Q: What about electric vehicles?
Yates: Most EVs take a considerable amount of time to recharge. But we are in talks with some folks about the possibility of putting one or two top-off stations into a retail location. This is not a simple proposition: You are giving up valuable real estate, even though it is questionable if there is public demand. We are going to have to see faster recharge technology before we see a proliferation of those products.
But we are open to that possibility. Not because it makes financial sense right now, but because it gets us engaged in thinking through a business model that might work in the future.
Q: What kind of revisions would you have to make to your business plans?
Yates: We are continuing to collaborate with the government and other energy stakeholders as to how changes are going to be made. We have a delicate balance between economically meeting current energy needs while prudently investing in future alternatives that offer a credible chance of success. Prudent and credible are key words because there are a lot of wild ideas in the market.
We think liquid fuels will be at the core of the energy market for the foreseeable future. Those may be produced by renewable feedstock, but our refining expertise and our expertise in storing and delivering liquid fuels will be needed regardless.
When people think about oil, many are thinking of big oil companies that own their product in the ground all the way to the end – so they are vested that oil continues to be the preferred feedstock. We don’t own any oil in the ground. Our feedstock is purchased in the open market and then we convert it to an economic product. But that means that we are truly agnostic. If we can find alternative renewable feedstock that we turn into products that consumers want at prices that are competitive, that is a home run for us because we are now part of that transition. We don’t care that it is not crude oil. We care about being a relevant player.
Take a look at our investments in biodiesel, both in the production and distribution. Look at our cooperation with the Honeywell UOP biorefinery pilot project. We provided land and some expertise. We like to think of ourselves as an energy company, not as a petroleum company.
Q: Your plan was to reduce sales of fuel to electric utilities. How is that process going?
Yates: Right now we are not providing any fuel directly. We are a candidate for this type of business, but we are not going to build our future on a product that is so clearly on the decline in Hawaii. There are other opportunities.
Q: Such as?
Yates: There is a continuing drive to take sulfur out of fuel. Historically, the demand of high-sulfur diesel has gone to the utilities or to the marines. The utilities are going off this fuel. And on the marine side, the International Maritime Organization passed regulations that by 2020 the high-sulfur levels have to be gone.
So our board this summer approved another $30 million project that will allow us to create low-sulfur diesel. There is a second project we are considering that will cost another $40 million to $50 million.
Q: There is proposed legislation to shift ground transportation to 100 percent renewable energy by 2045. Do you think it is going to pass?

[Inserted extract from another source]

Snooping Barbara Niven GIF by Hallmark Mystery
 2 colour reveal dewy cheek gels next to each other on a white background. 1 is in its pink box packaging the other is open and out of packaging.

Yates: I do not know. There are about 6,700 EVs registered in the state right now; that is a 30 percent year-over-year increase. But it still makes up just over half of 1 percent of all the vehicles today. We have around 1.1 million passenger vehicles, so the rate to turn over those vehicles to alternate energy would be that going forward for the next 27 years, every vehicle needs to be an electric vehicle. We are just not a big enough market to force that change on the auto manufacturers or on the consumers. We should continue to create incentives, which the state has done. But you have to be pragmatic about what is possible.
This interview was edited for conciseness.